Question

How do you evaluate the given indefinite integral $\int{{{\sin }^{3}}x{{\cos }^{5}}xdx}$?

Answer 1

We start solving the problem by making use of the fact that ${{\sin }^{2}}x=1-{{\cos }^{2}}x$ in the given integrand. We then make the necessary calculations and then assume $y=\cos x$ to proceed through the problem. We then find $dy$ in terms of $dx$ by making the necessary calculations. We then make use of the facts that $\int{\left( a-b \right)dx}=\int{adx}+\int{bdx}$, $\int{{{x}^{n}}dx}=\dfrac{{{x}^{n+1}}}{n+1}+C$ to proceed through the problem. We then substitute $y=\cos x$ to get the required answer for the given indefinite integral.
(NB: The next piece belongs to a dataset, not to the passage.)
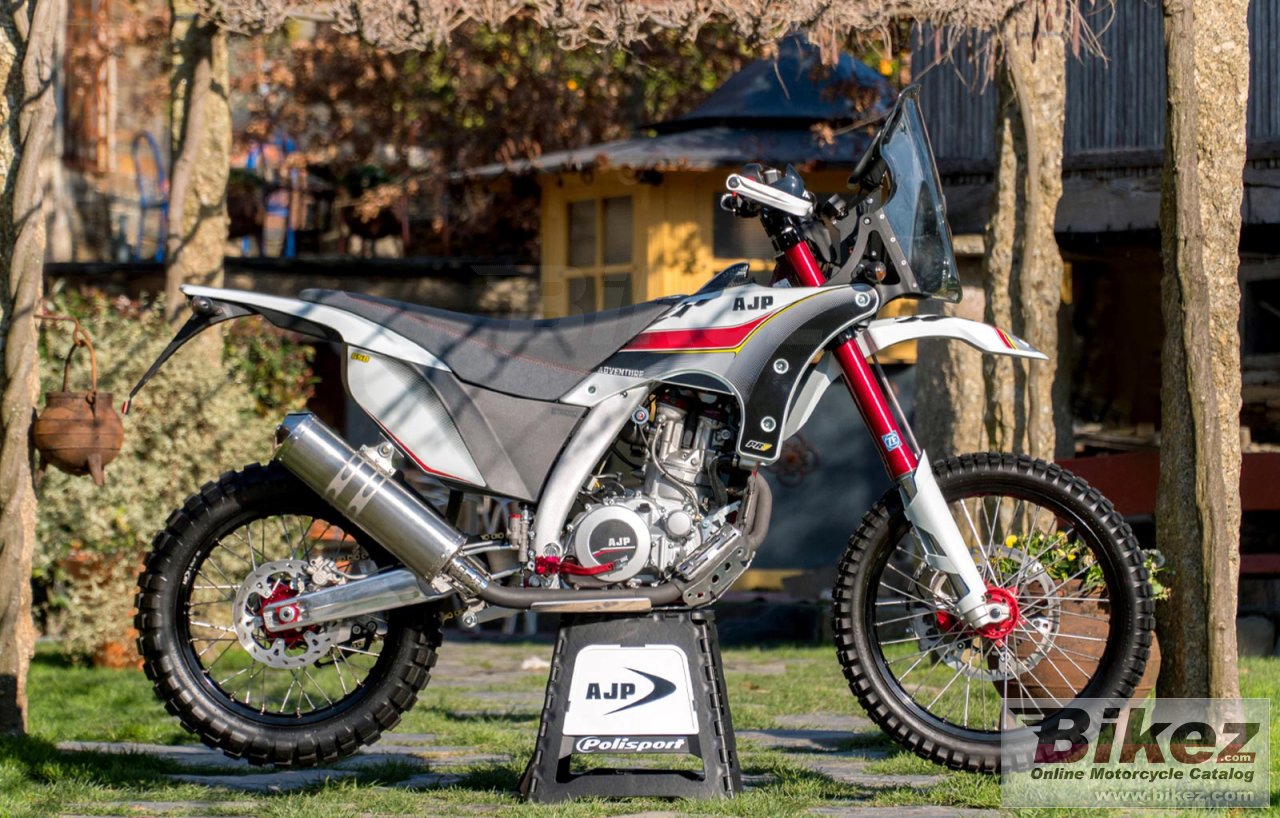 AJP PR7 Adventure 650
Complete step-by-step answer:
According to the problem, we are asked to evaluate the given indefinite integral $\int{{{\sin }^{3}}x{{\cos }^{5}}xdx}$.
Let us assume $I=\int{{{\sin }^{3}}x{{\cos }^{5}}xdx}$.
$\Rightarrow I=\int{\sin x\times \left( {{\sin }^{2}}x \right)\times {{\cos }^{5}}xdx}$ ---(1).
We know that ${{\sin }^{2}}x=1-{{\cos }^{2}}x$. Let us use this result in equation (1).
$\Rightarrow I=\int{\sin x\times \left( 1-{{\cos }^{2}}x \right)\times {{\cos }^{5}}xdx}$.
$\Rightarrow I=\int{\left( {{\cos }^{5}}x-{{\cos }^{7}}x \right)\times \sin xdx}$.
$\Rightarrow I=\int{\left( {{\cos }^{7}}x-{{\cos }^{5}}x \right)\times \left( -\sin x \right)dx}$ ---(2).
Let us assume $y=\cos x$ ---(3).
Let us apply a differential on both sides of equation (3).
$\Rightarrow d\left( y \right)=d\left( \cos x \right)$.
$\Rightarrow dy=-\sin xdx$ ---(4).
Let us substitute equations (3) and (4) in equation (2).
$\Rightarrow I=\int{\left( {{y}^{7}}-{{y}^{5}} \right)dy}$ ---(5).
We know that $\int{\left( a-b \right)dx}=\int{adx}+\int{bdx}$. Let us use this result in equation (5).
$\Rightarrow I=\int{{{y}^{7}}dy}-\int{{{y}^{5}}dy}$ ---(6).
We know that $\int{{{x}^{n}}dx}=\dfrac{{{x}^{n+1}}}{n+1}+C$. Let us use this result in equation (6).
$\Rightarrow I=\dfrac{{{y}^{7+1}}}{7+1}-\dfrac{{{y}^{5+1}}}{5+1}+C$.
$\Rightarrow I=\dfrac{{{y}^{8}}}{8}-\dfrac{{{y}^{6}}}{6}+C$ ---(7).
Let us substitute equation (3) in equation (7).
$\Rightarrow I=\dfrac{{{\cos }^{8}}x}{8}-\dfrac{{{\cos }^{6}}x}{6}+C$.
So, we have found the result of integration of indefinite integral $\int{{{\sin }^{3}}x{{\cos }^{5}}xdx}$ as $\dfrac{{{\cos }^{8}}x}{8}-\dfrac{{{\cos }^{6}}x}{6}+C$.
$\therefore$ The result of integration of indefinite integral $\int{{{\sin }^{3}}x{{\cos }^{5}}xdx}$ as $\dfrac{{{\cos }^{8}}x}{8}-\dfrac{{{\cos }^{6}}x}{6}+C$.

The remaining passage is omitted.